* WORK REQUIRED
In the copy, keep every word of the data below and none of its pictures.

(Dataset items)
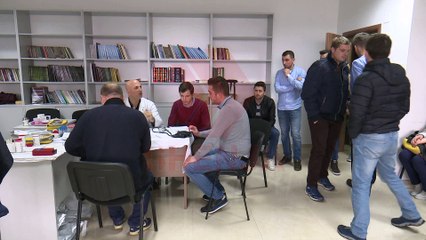 “Vizion M” dhe “Pro Vita” me aksion të dhurimit të gjakut në Tetovë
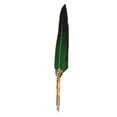 thumbnail image 4 of Vintage Exquisite Stainless Steel Feather Pen Set Smooth Writing Quill Pen Calligraphy Pens, 4 of 7
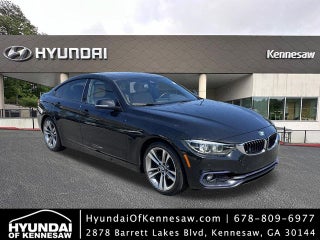 2018 BMW 4 Series 430i Gran Coupe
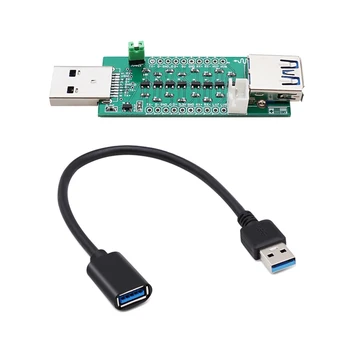 USB 3.0 Адаптер SNAC за игрален контролер Mister Комплект от детайли Conveter За таксите, входно-изходни De10nano Mister FPGA Mister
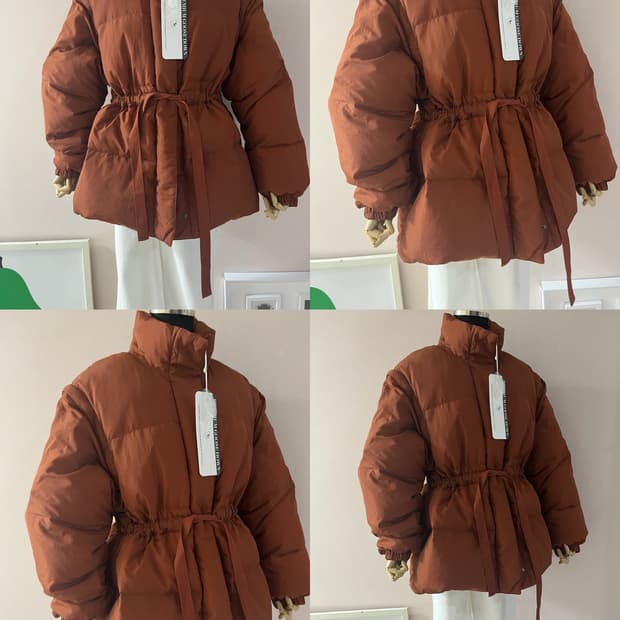 라마지투웨이구스다운패딩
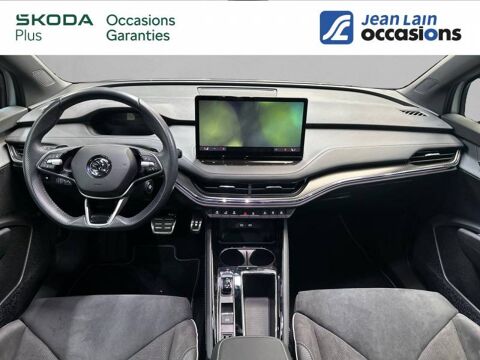 Enyaq Coupé iV 85 Sportline 2024 occasion 74600 Seynod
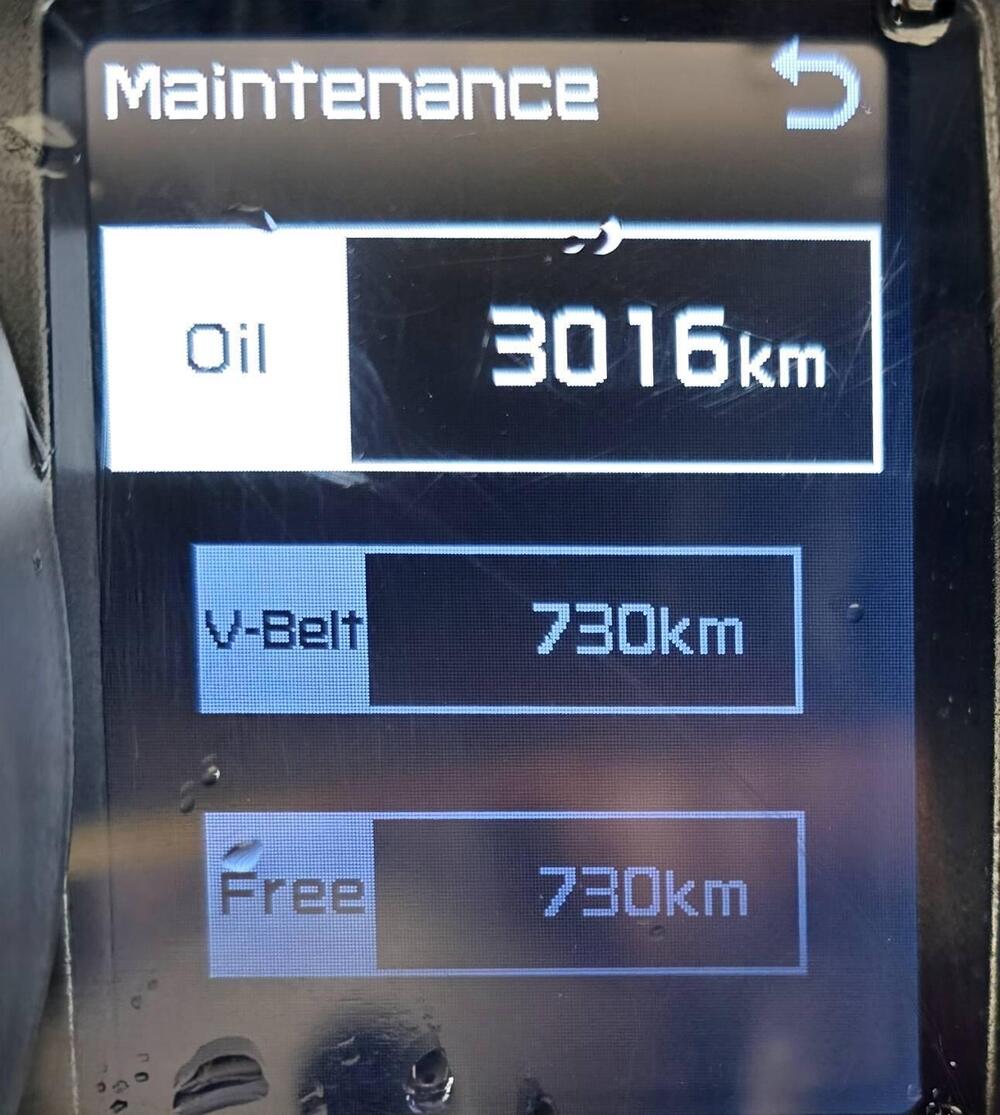 Yamaha T-Max 530 SX (2017 - 19) (12)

* SOLUTION FOR THIS TASK
 “Vizion M” dhe “Pro Vita” me aksion të dhurimit të gjakut në Tetovë
 thumbnail image 4 of Vintage Exquisite Stainless Steel Feather Pen Set Smooth Writing Quill Pen Calligraphy Pens, 4 of 7
 2018 BMW 4 Series 430i Gran Coupe
 USB 3.0 Адаптер SNAC за игрален контролер Mister Комплект от детайли Conveter За таксите, входно-изходни De10nano Mister FPGA Mister
 라마지투웨이구스다운패딩
 Enyaq Coupé iV 85 Sportline 2024 occasion 74600 Seynod
 Yamaha T-Max 530 SX (2017 - 19) (12)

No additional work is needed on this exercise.